Flexing with bright colors is a creative trope of Wiley’s. His “World Stage Lagos/Dakar” (2007-2008) series of paintings features men from West Africa in poses that recreate historical sculptures in front of bright, floral backgrounds. As the description on Wiley’s website reads, the series “highlights local representations of power and calls attention to the ways that black youth seek to represent themselves outside of colonial and national modes of representation.”
But the painting he is most well-known for is his official portrait of former US President Barack Obama, which was unveiled last year. Wiley portrayed Obama seated, with a bright green floral background embracing the first African-American president. Choosing Wiley to create the portrait made not only artistic, but also narrative sense: For years Wiley has focused many of his paintings on representation, power and “what it means to be black and specifically male.”

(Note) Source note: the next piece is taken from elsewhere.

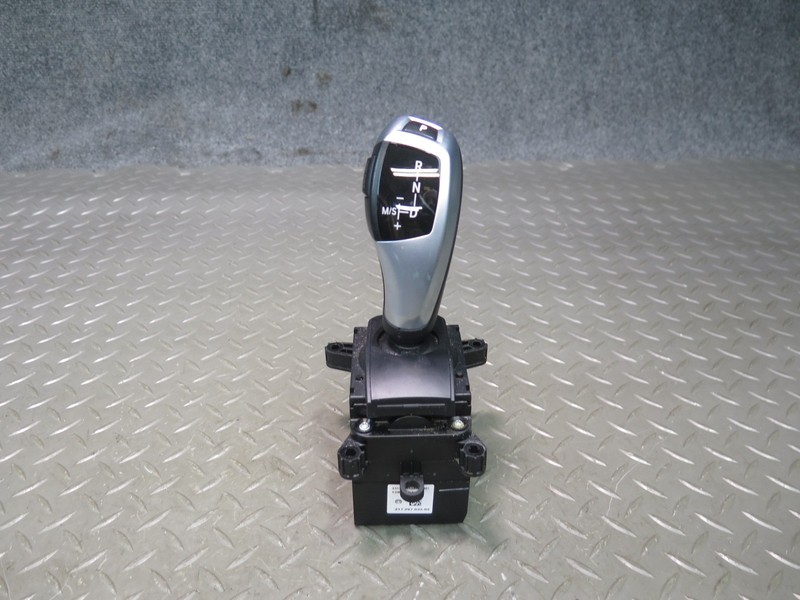 2014-2018 BMW F15 X5 A/T AUTOMATIC TRANSMISSION SHIFTER GEAR SELECTOR 9384927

“We’re not just looking at a black people, we’re looking at ways of looking, ways of seeing that are received throughout history,” Wiley said in an interview with the Virginia Museum of Fine Arts about his work last year.
Even his name plays with notions of power and truth. While “Kehinde” means the second-born twin in Nigeria’s Yoruba culture and religion, it also means he is considered the elder twin. Tradition dictates the second born twin sent the first born out to see if it was time to enter the world. Wiley draws from these ideas of complex truths.
“The dominant feature of many African religious and cultural norms is that you can’t trust the star of the show, you can’t trust the hero,” he said. “The hero is at once on your side and going to flip on you at any moment.” he said. “It’s the aesthetic of people basically trying to create a type of sanity out of a world that is insane.”
The notion of double meanings, twinning and power have influenced how he sees the world and how he demands that a viewer of his work sees the world.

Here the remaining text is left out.